INSTRUCTIONS FOR THE TASK:
Among the lines below, a stretch begins at the one with "Used 2025 Chevrolet" and ends at the one with "Putin unterzeichnet Dekret". Repeat that stretch exactly, ends included.

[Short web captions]

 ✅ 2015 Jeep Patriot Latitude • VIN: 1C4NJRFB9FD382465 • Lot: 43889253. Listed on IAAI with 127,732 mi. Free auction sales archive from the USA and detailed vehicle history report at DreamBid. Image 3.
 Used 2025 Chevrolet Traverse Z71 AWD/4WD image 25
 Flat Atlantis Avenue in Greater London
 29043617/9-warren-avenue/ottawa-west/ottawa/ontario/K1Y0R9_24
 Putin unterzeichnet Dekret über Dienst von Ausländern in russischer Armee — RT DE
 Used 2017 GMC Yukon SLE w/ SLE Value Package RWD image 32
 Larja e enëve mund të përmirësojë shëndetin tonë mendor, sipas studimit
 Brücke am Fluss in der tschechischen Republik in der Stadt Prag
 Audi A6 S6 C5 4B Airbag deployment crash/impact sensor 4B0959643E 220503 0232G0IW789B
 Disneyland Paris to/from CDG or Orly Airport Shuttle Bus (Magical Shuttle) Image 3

OUTPUT FOR THIS TASK:
 Used 2025 Chevrolet Traverse Z71 AWD/4WD image 25
 Flat Atlantis Avenue in Greater London
 29043617/9-warren-avenue/ottawa-west/ottawa/ontario/K1Y0R9_24
 Putin unterzeichnet Dekret über Dienst von Ausländern in russischer Armee — RT DE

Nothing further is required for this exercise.